Paper Reading: Filter Representation in Vectorized Query Execution

Vectorized execution engines commonly represent filters with a few strategies:

Use a bitset to mark selected rows.
Use a vector to store the indexes of selected rows.
Copy selected rows and pass the copied data to the next operator.

This paper mainly discusses the first two strategies, called Bitmap (BM) and Selection Vector (SV). Some systems also use the third strategy. The paper does not discuss it, but I have seen DataFusion use it, so I will return to it at the end.

Filter Representation

For BM and SV, there are three main strategies:

BMFull: always process all rows. Values for unselected rows are undefined. The advantage is that it can fully exploit vectorization.
BMPartial: process only selected rows, but it still needs to scan all positions and cannot fully use vectorization.
SVPartial: scan only selected indexes, but it cannot fully use vectorization either.

The Manual suffix in the paper means SIMD is implemented manually, using AVX-512, instead of relying on compiler optimization. SVManual can still use vectorization to some extent.

Cost Model

The paper estimates computation cost with this formula:

R = N * (I + O)

N is the number of rows, I is the per-iteration cost, O is the per-row processing cost, and R is the estimated runtime.

The cost of each strategy is determined by these three variables. I is fixed for a given strategy.
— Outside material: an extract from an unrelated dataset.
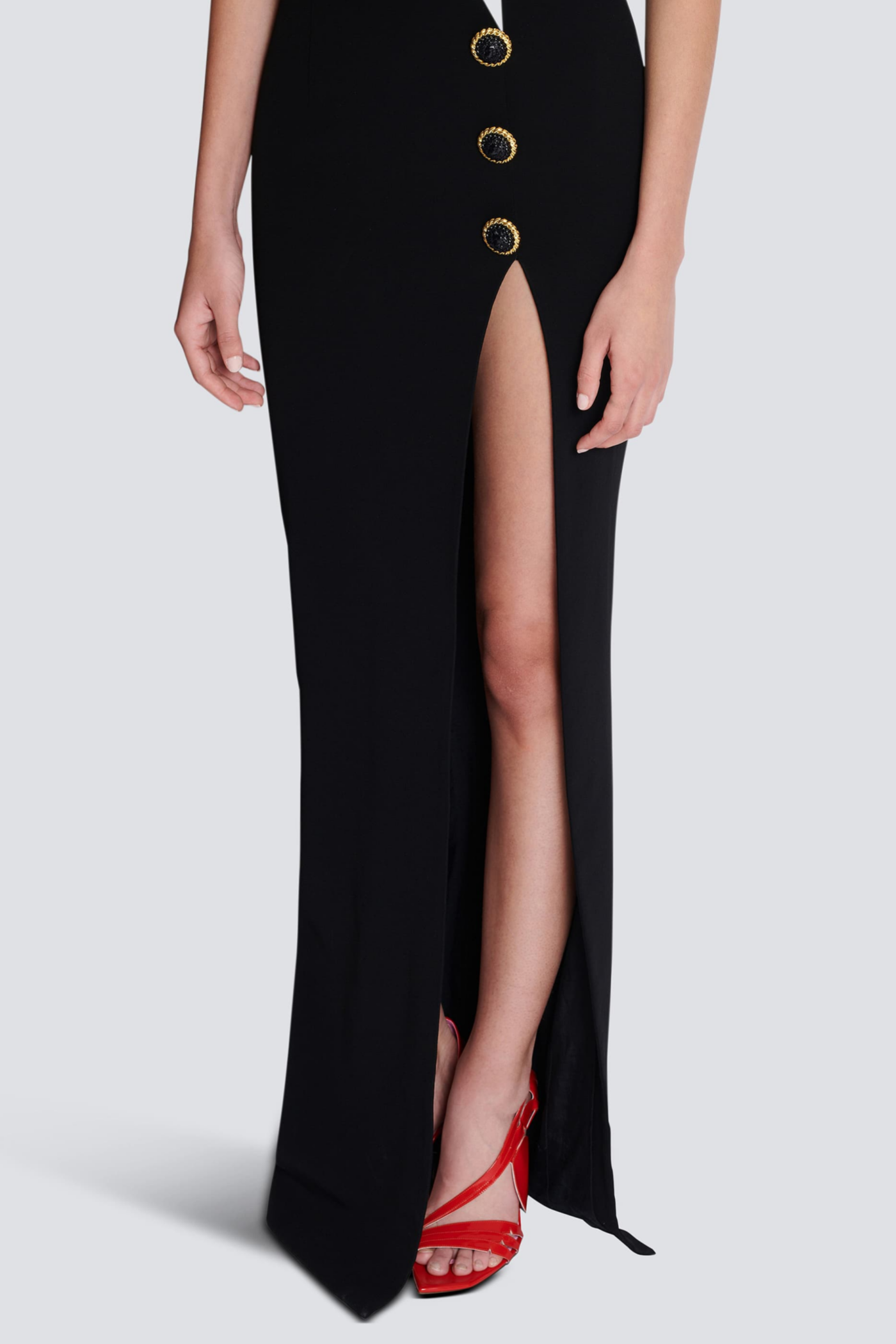 Flowering Girl Women Bruna Two-Tone Split Maxi Bandage Dress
O and N depend on filter selectivity, and O is also strongly affected by the data type being processed.

BMFull is special because all three variables are fixed. From this model, we can compare strategies under different filter rates.

Comparison Scenarios

The paper defines two primitives:

Update: operations that update the selected set, such as where a < b.
Map: operations that transform data, such as select a + b.
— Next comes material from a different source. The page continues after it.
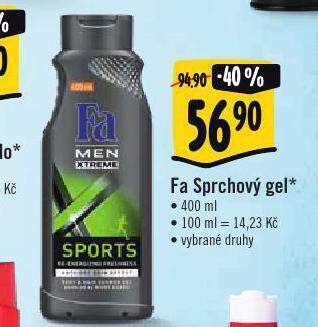 Albert Fa sprchový gel nabídka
The experiments mainly compare these two kinds of primitives.

No Data Parallelism

For string processing, integer division, and similar workloads, the CPU cannot efficiently vectorize multiple rows. In these cases, the per-row processing cost is higher.

BMPartial and SVPartial perform very similarly. BMPartial has higher iteration overhead, so SVPartial is usually better. In this scenario, SVPartial is the best strategy.
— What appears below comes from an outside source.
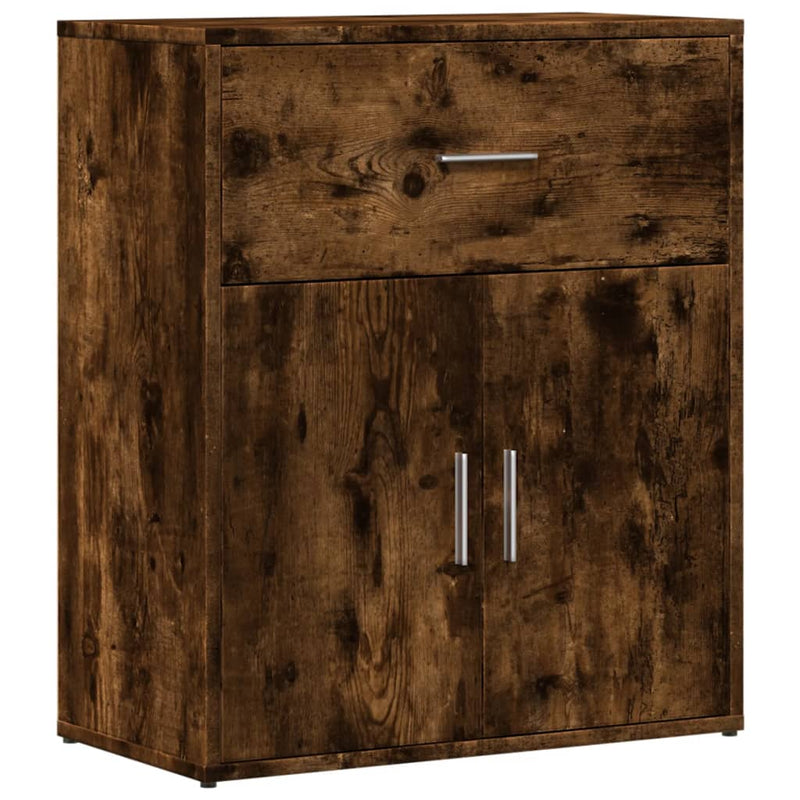 Dressoirs 2 St 60X31X70 Cm Bewerkt Hout Gerookt Eikenkleurig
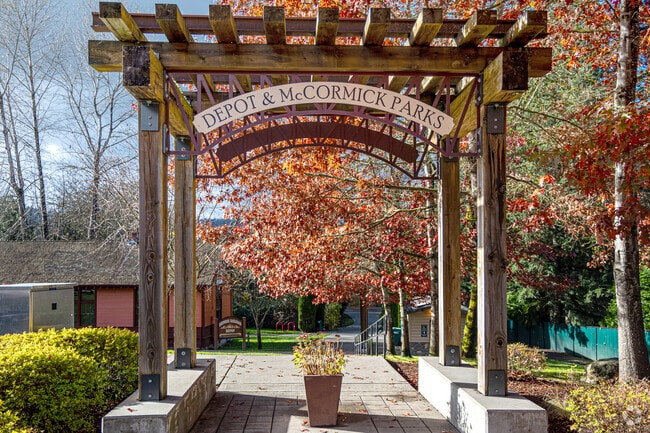 Beautiful McCormick Park sits right beside downtown Duvall.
Inefficient Data Parallelism

For logical AND and OR operations, SISD may execute less code because of short-circuiting. SIMD does not necessarily cost less than SISD here.

SVPartial is still best overall. BMFull only has an advantage at high selectivity, mainly for the Map primitive.

Data Parallelism

For ordinary numeric operations, SIMD can be used effectively.

In this case, partial strategies only win at low selectivity, below roughly 0.2. At higher selectivity, BMFull wins because it benefits from vectorization.

The paper also studies how the number of arithmetic instructions affects the threshold:

The threshold is quite stable, around 0.2.

TPC-H Tests

The paper proposes a hybrid strategy: use BMFull, or BMFullManual, when selectivity is above 0.2, and use SVManual when selectivity is low. It then compares this hybrid strategy with the single strategies.

Here is one result:

Q1: High-selectivity Data Parallelism

This query has a high-selectivity filter, around 0.95, followed by an aggregation with side effects, which means it cannot be data-parallel.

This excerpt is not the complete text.